James Bond cover art goes on display

LONDON (AP) - April 21, 2008

A new exhibition of 007 book covers charts the changing image of the suave British spy and his world of fast cars, luxury casinos and alluring women.

Ranging from the 1950s to the present day and spanning the globe - there are Bond books in English, German, Japanese, Greek, Hebrew and even an Italian comic-book version - the artwork reveals how Bond's unique brand of glamour has been adapted to widely differing times and places.

"The books have been in print since they were first published, and have now been printed in almost every language," said Selina Skipwith, curator of "Bond Bound: Ian Fleming and the Art of Cover Design." The show opens Tuesday at the Fleming Collection gallery in London.

She said the covers "are a great survey of taste, and of what was permissible. The U.S. is much happier with guns, while the Europeans are much more relaxed about nudity."

The earliest cover, from the 1955 paperback edition of Bond's debut, "Casino Royale," shows a strangely bland Bond, bow-tied and with a carnation in his buttonhole, seated at a poker table.

Later covers are slicker and racier - near-naked women, gleaming guns and glimmering diamonds are popular motifs.

"Once you get into the late '60s, the covers get more and more glamorous," Skipwith said. "Then with the rise of feminism, the glamorous ladies disappear."

But only for a time. The newest covers in the show - Michael Gillette's designs for an upcoming Penguin reissue of the series - feature naked female forms, stylized and given a deliberately retro feel.

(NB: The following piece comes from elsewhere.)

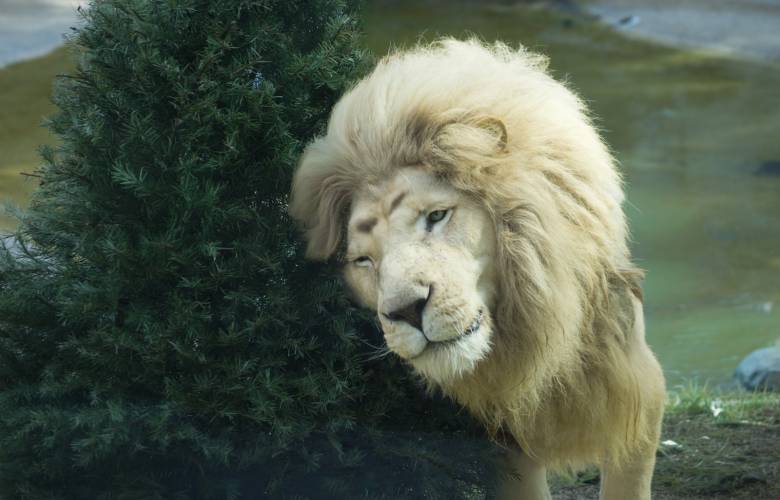 Lleva tu árbol de Navidad a Zacango, será reutilizado para actividades de bienestar animal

The exhibition is one of several events marking the centenary of the birth of Bond's creator, Ian Fleming. It is being staged at the Fleming Collection, a gallery in London's affluent Mayfair district - Bond would feel right at home - which houses art from Flemings investment bank, founded by the writer's grandfather.

Drawing on Fleming memorabilia from collectors around the world, the exhibition also includes film posters, original manuscript pages, correspondence between Fleming and his publishers, and letters to readers. The items reveal Fleming to have been both conscientious and playful at answering fan mail.

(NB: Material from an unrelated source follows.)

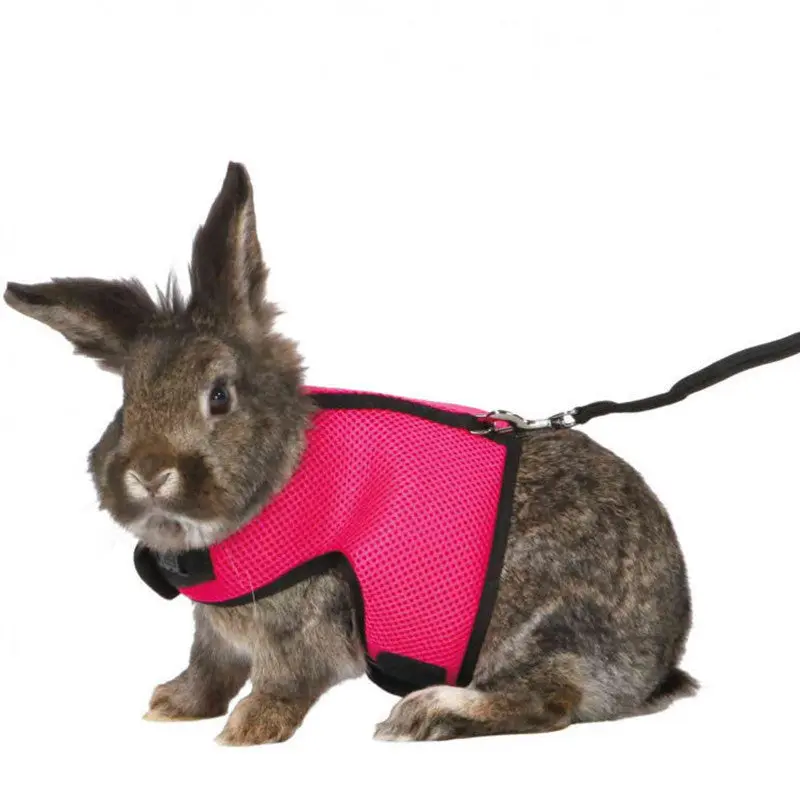 The AeroHop™ Escape-Proof Rabbit Harness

In one letter, he reassures a worried reader that Bond - poisoned with blowfish venom in the cliffhanger ending of "From Russia With Love" - will soon be fit for duty. Meanwhile, a fan letter from Playboy publisher Hugh Heffner suggests Bond - or Fleming himself - might like to pay a visit to the Playboy Mansion.

Ajay Chowdhury, editor of Bond fan magazine Kiss Kiss Bang Bang, welcomed the exhibition's focus on Fleming's books, overshadowed by the hugely popular film franchise and often dismissed - even by Fleming himself - as mere potboilers.

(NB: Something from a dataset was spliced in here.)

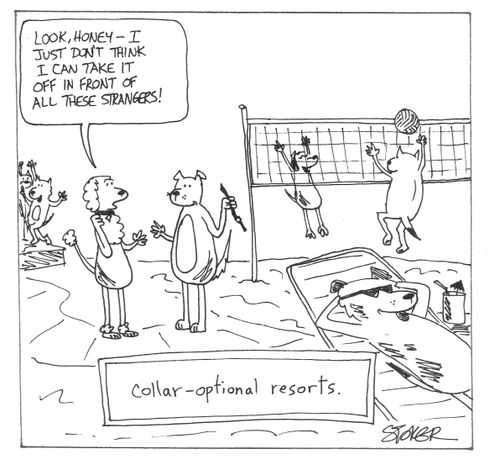 'Collar-optional resorts.'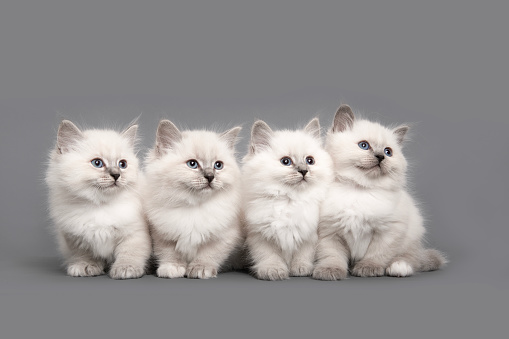 Four cute ragdoll purebred kittens together looking away on a grey background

"We think of Bond in terms of the films but the root of it is in the novels," Chowdhury said. "They are not just action techno-thrillers. They are very much about relationships. Fleming disparaged them as mere thrillers, but he put a lot of his soul in them."

"Bond Bound" is at the Fleming Collection in London until June 28, and will travel to Edinburgh, Scotland, New York and Los Angeles later this year.